Posted by: Ellie | Jul 14, 2004 at 05:31 AM
Yes, I am maddeningly familiar with it...the word "dissappeared" has virtually disappeared from the English language! I'm much madder than hell about this travesty & i hope you are, too!
I'm not sure, but I think Dan Rather is responsible. Among his many weirdnesses was his frequent flagrant flaunting of idiotic Texas phrases such as "He was on that like a hen on a june bug," delivered with a very spooky grin. I'm almost sure his mind & soul went missing in Dallas on 11/22/63 when he propogated the patsy idea & secured his place in the maw of media. I guess they didn't kill him cause they needed a demented stooge to pander for them. Anyway...I digress...
Unbelievably, this thing spread like cudzu throughout TVland until I actually heard Peter Jennings use it on air! He died shortly thereafter, of course.
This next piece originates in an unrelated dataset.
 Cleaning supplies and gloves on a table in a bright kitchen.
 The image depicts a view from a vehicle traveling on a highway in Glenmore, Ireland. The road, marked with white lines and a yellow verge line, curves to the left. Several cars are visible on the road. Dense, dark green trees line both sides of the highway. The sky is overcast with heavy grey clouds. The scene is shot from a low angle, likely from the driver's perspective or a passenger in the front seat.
This phrase, which shall not be used, even in print, by us is an abomination. I just read a book published in 1991 that used it, so it's been around for a while. Things have gotten unacceptably out of hand in the last 4 or 5 years. The most bizarre variation I've heard is, get this, "They searched his house for the hidden money, but it turned up missing!"
Something must -- WILL -- be done, and time IS of the essence. Thank god I am not alone!!
More later
DoNoHarm
Posted by: Steve McClung | Mar 17, 2006 at 12:14 PM
I cringe every time I read "went missing". How in the world does someone "go missing"? Someone PLEASE get the word out to the media that this phrase makes the writer or speaker sound extremely ignorant!
Posted by: Joanne Berry | May 21, 2007 at 02:29 PM
that phrase drives me crazy!!!!!!!!!!!!!